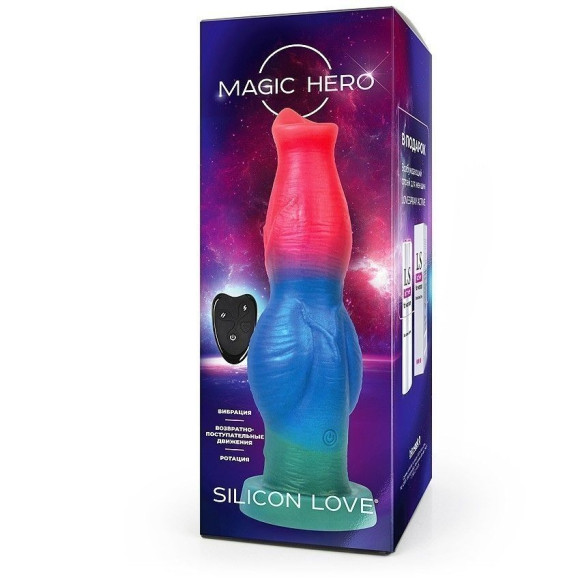 Цветной фантазийный вибратор с возвратно-поступательными движениями и ротацией - 26 см. Цветной фантазийный вибратор с возвратно-поступательными движениями и ротацией - 26 см.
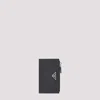 Prada Calf Leather Credit Card Case In Black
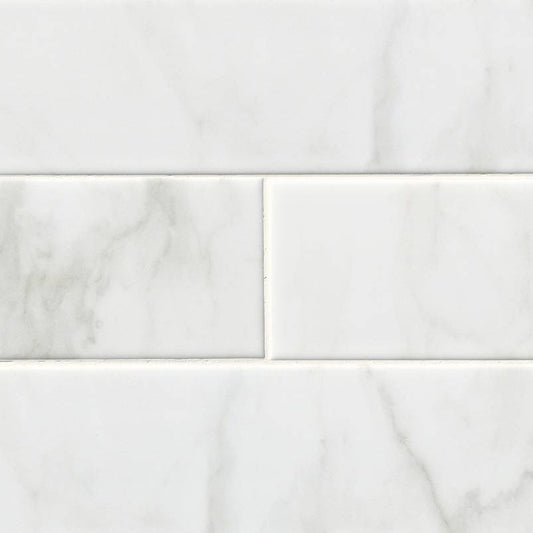 MSI Classique Carrara White Glossy Ceramic Subway Tile 4" x 16" - Renoz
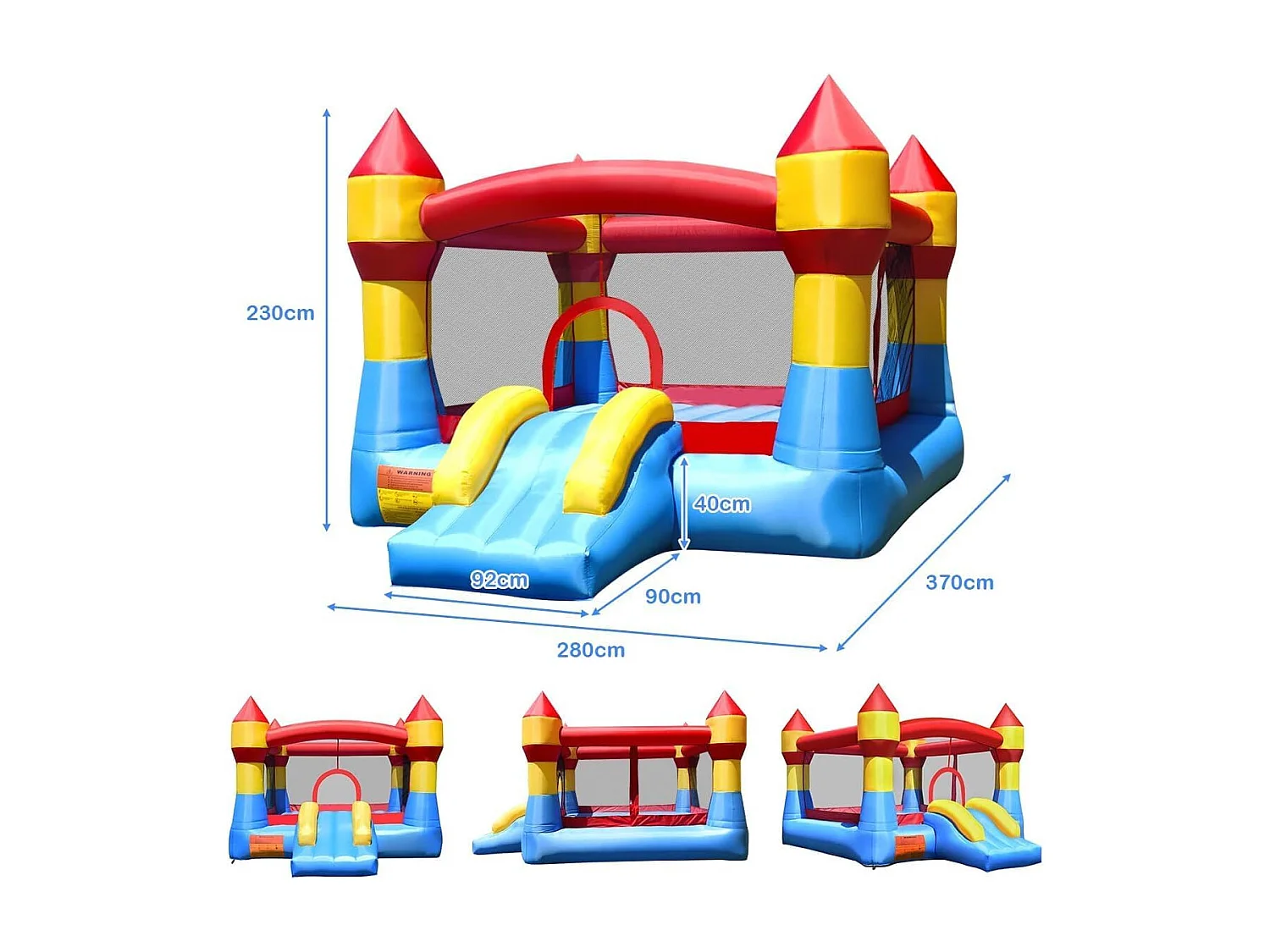 Château Gonflable Aire de Jeux Gonflable avec Toboggan pour Enfant en Tissu et velours Oxford Equipée de Filet Protecteur 370 x 280 x 230 CM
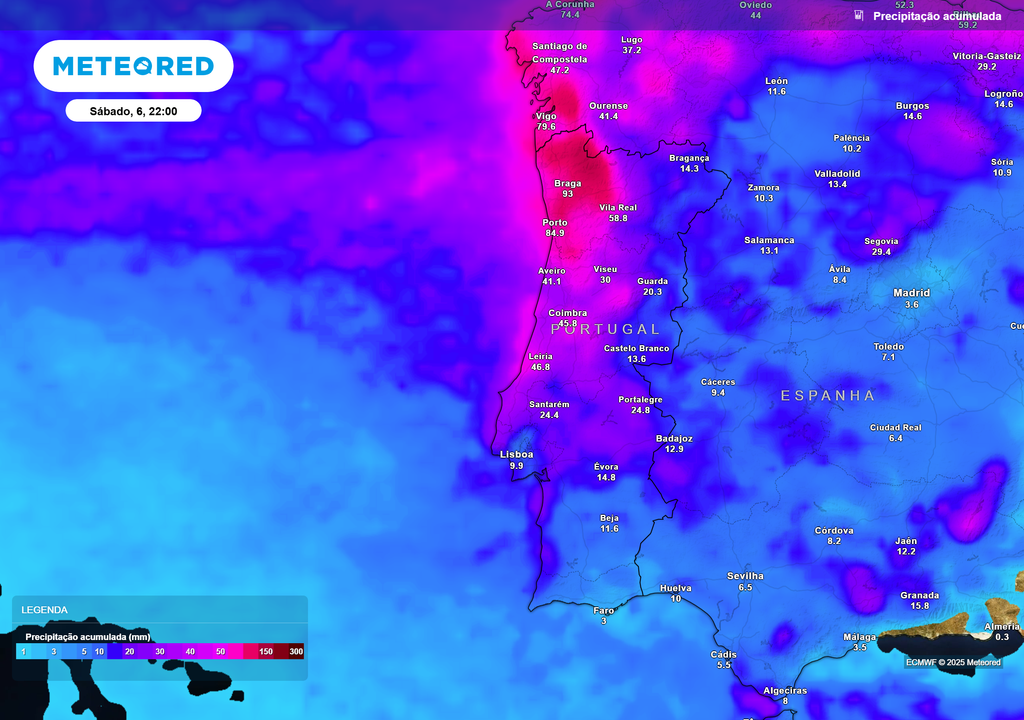 Mapa atmosférico: Precipitação acumulada Mapa atmosférico: Precipitação acumulada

ACTIVITY.
Leave out the pictures and return, exactly as written, only the lines from the line with "Château Gonflable Aire" through the end of the records above.

WRITTEN ANSWER.
 Château Gonflable Aire de Jeux Gonflable avec Toboggan pour Enfant en Tissu et velours Oxford Equipée de Filet Protecteur 370 x 280 x 230 CM
 Mapa atmosférico: Precipitação acumulada Mapa atmosférico: Precipitação acumulada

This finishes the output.